§ Task material
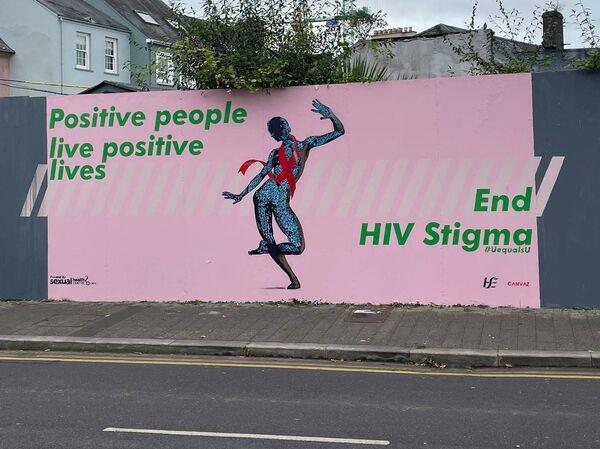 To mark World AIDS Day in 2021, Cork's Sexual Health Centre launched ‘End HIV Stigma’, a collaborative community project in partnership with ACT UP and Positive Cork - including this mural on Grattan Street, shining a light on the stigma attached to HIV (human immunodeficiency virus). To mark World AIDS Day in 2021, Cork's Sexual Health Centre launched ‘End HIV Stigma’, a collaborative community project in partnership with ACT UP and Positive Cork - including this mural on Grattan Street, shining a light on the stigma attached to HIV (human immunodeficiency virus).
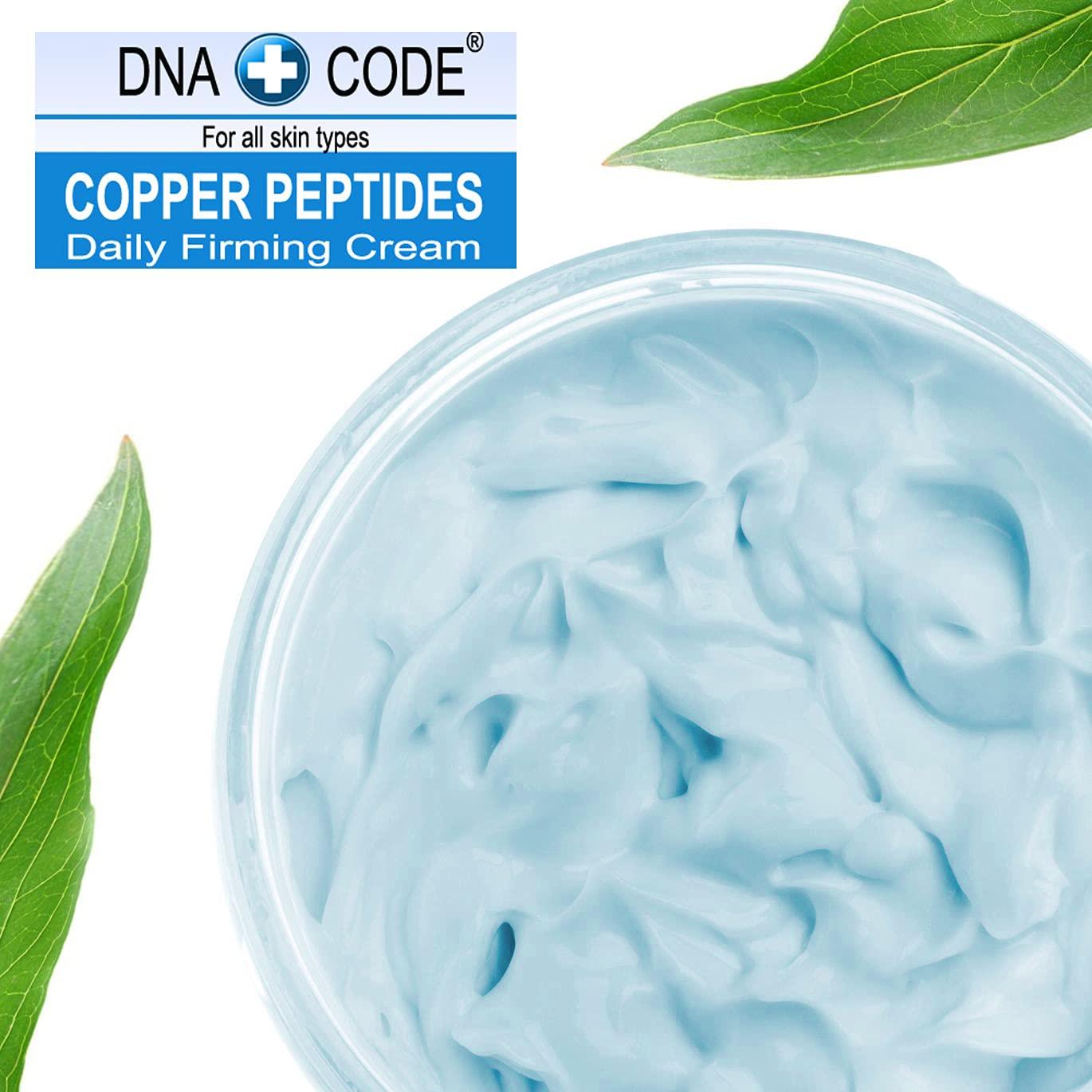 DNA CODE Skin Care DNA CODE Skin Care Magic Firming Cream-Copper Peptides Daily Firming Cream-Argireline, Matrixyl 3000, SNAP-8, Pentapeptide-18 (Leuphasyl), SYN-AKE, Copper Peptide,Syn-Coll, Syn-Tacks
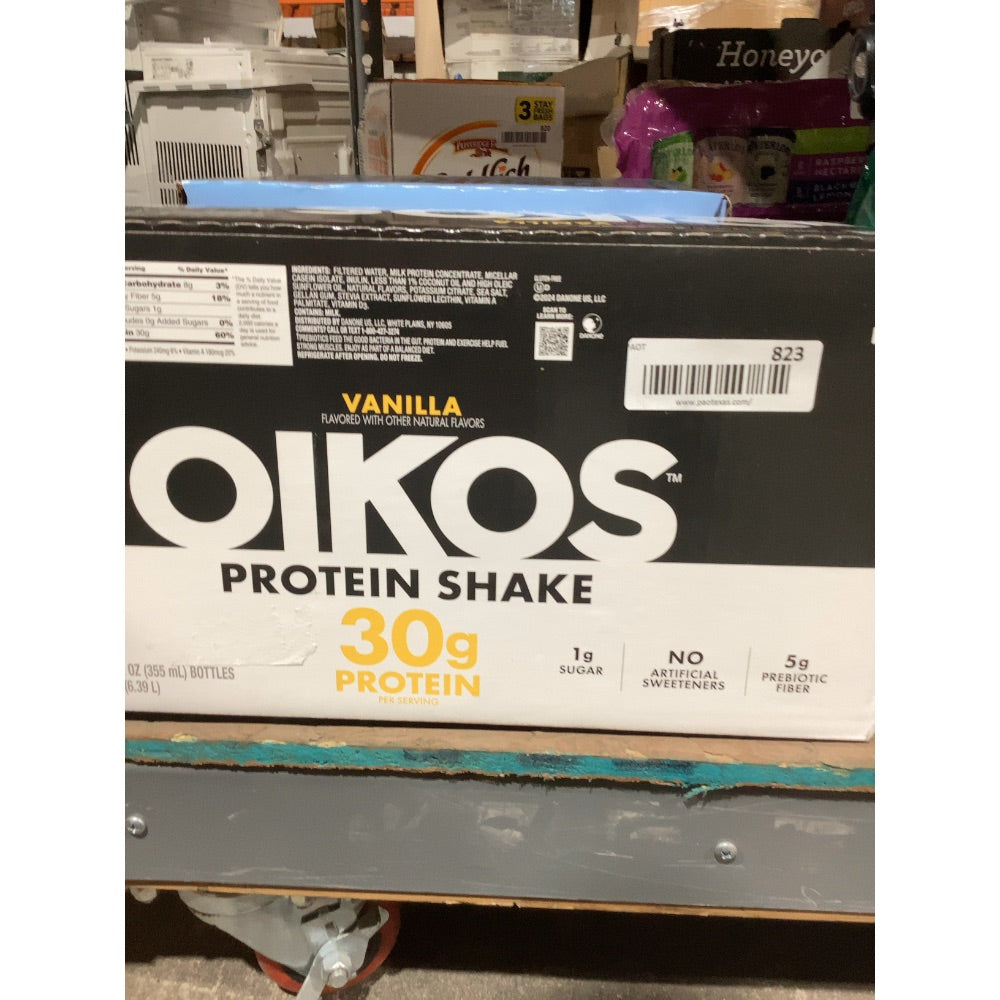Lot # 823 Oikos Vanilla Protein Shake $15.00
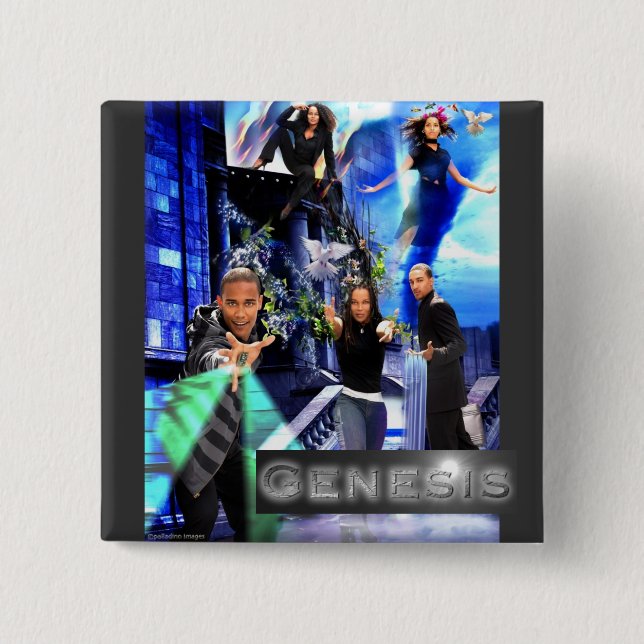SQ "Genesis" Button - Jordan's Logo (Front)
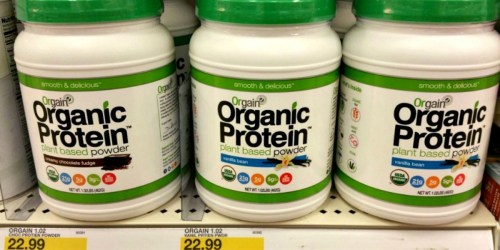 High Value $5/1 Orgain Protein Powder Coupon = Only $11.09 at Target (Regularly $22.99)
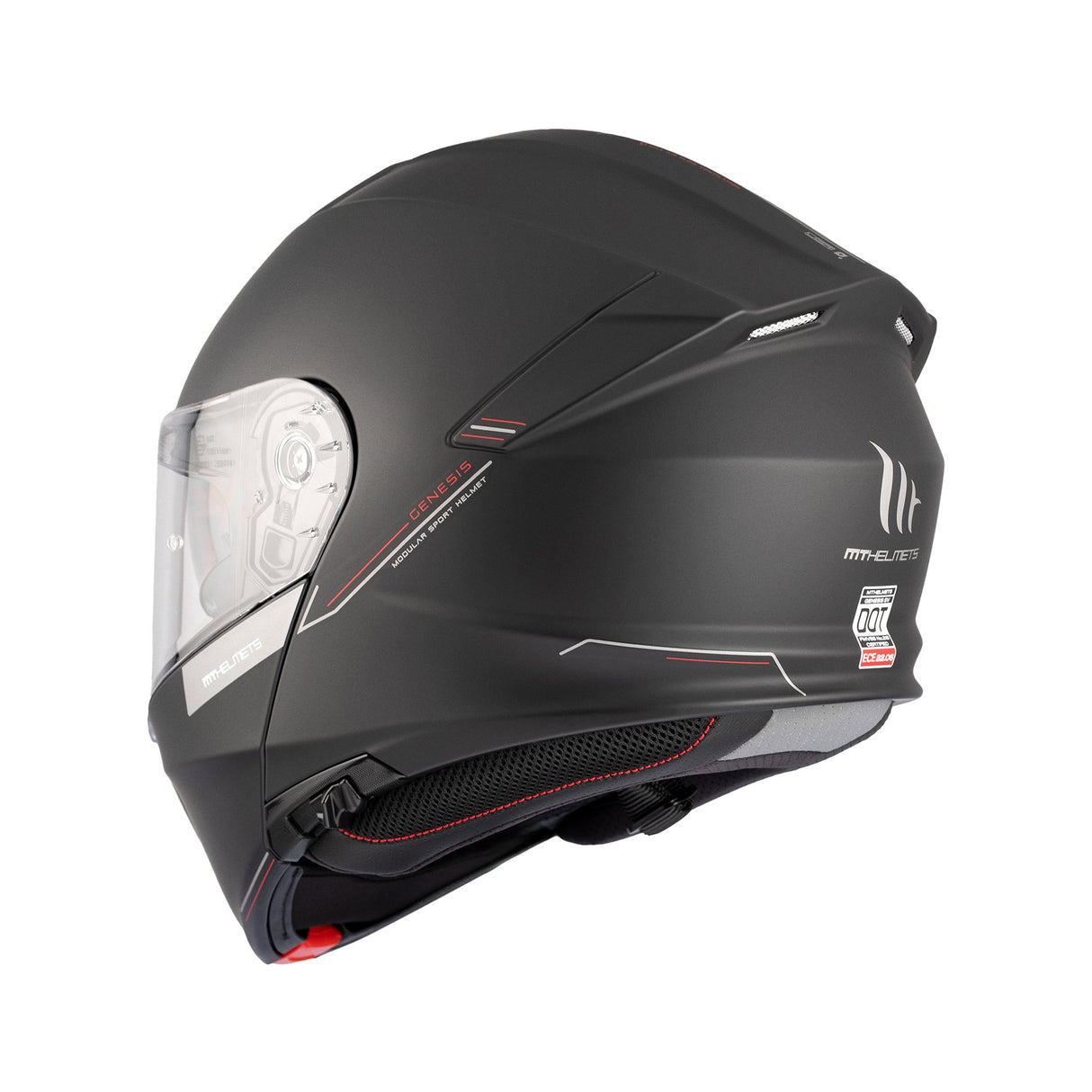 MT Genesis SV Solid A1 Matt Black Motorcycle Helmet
...
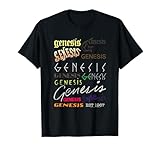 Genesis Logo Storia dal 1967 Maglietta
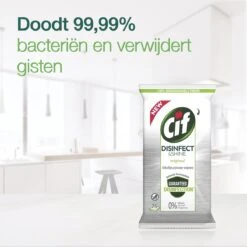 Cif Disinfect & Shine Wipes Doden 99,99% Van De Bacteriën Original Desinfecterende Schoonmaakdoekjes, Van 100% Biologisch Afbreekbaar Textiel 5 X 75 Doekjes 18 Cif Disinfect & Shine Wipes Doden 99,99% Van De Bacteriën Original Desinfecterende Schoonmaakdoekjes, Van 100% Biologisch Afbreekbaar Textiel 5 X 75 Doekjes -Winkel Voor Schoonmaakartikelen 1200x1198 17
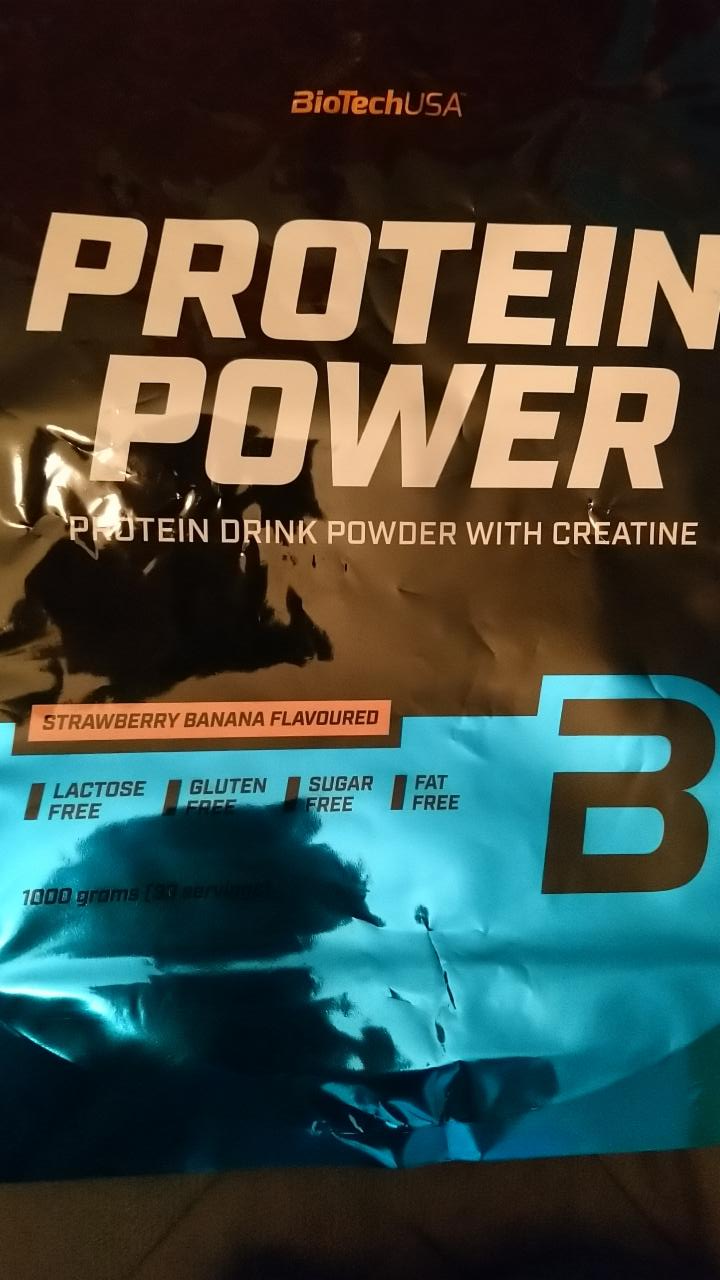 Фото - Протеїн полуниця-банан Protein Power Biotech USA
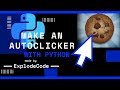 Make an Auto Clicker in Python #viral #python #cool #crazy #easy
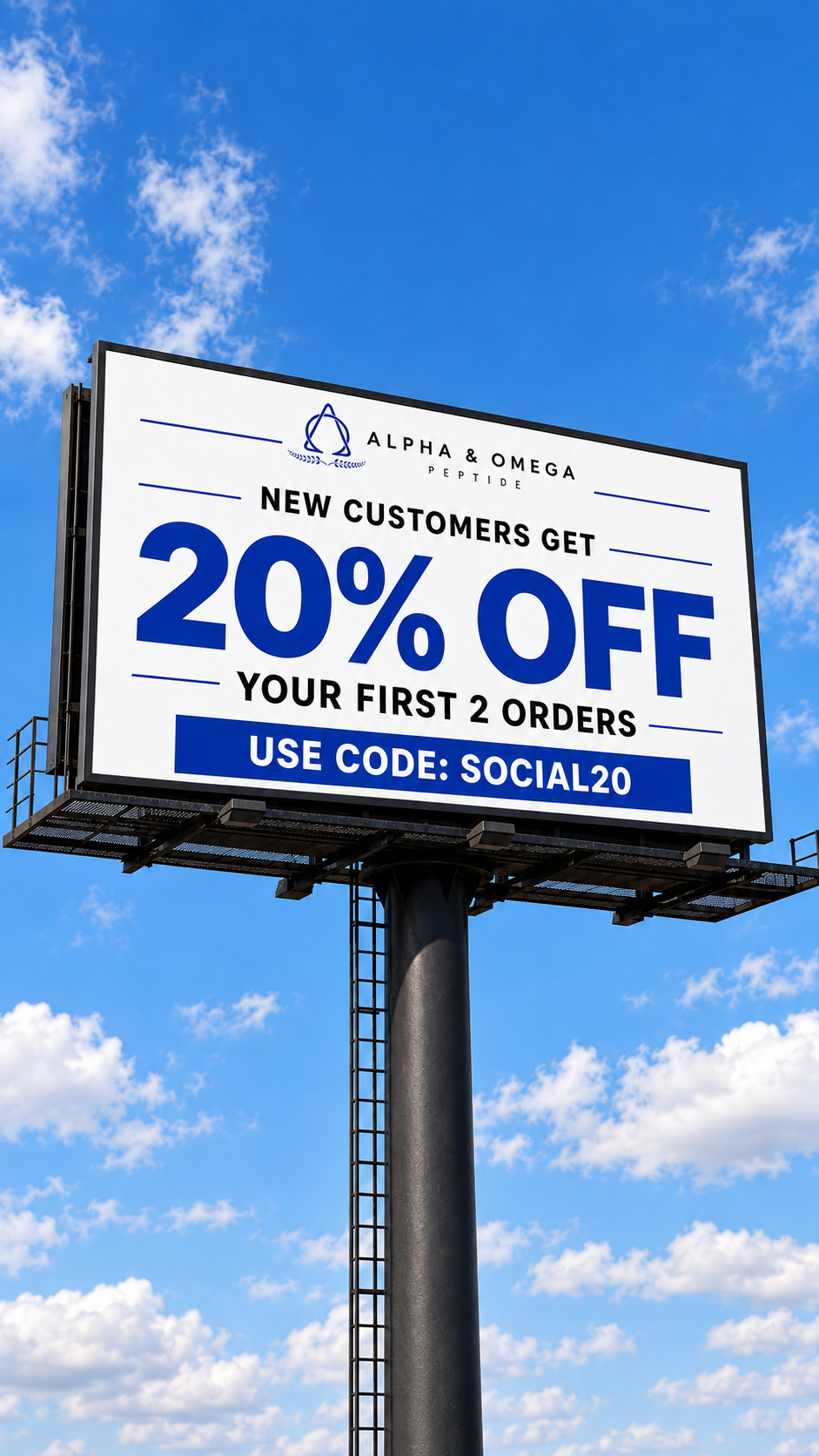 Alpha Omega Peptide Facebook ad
==
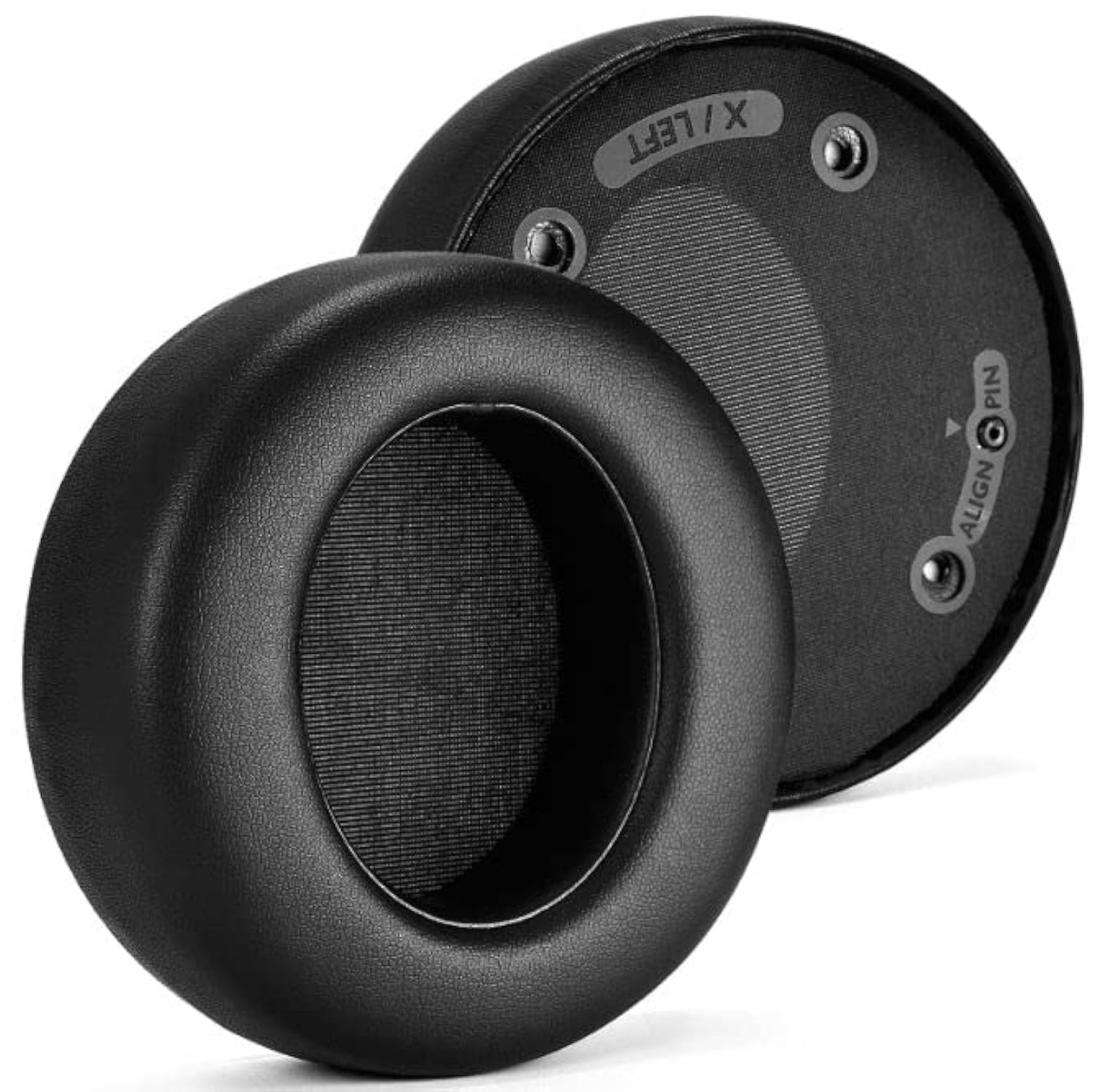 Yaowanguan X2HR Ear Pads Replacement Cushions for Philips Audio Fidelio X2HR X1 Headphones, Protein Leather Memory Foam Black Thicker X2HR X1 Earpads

§ Directions
Up in the listing, locate the line with "Фото - Протеїн"; print it and every line after it down to the line with "Alpha Omega Peptide Facebook ad", which is included too. Skip the pictures.

§ Result of the exercise
 Фото - Протеїн полуниця-банан Protein Power Biotech USA
 Make an Auto Clicker in Python #viral #python #cool #crazy #easy
 Alpha Omega Peptide Facebook ad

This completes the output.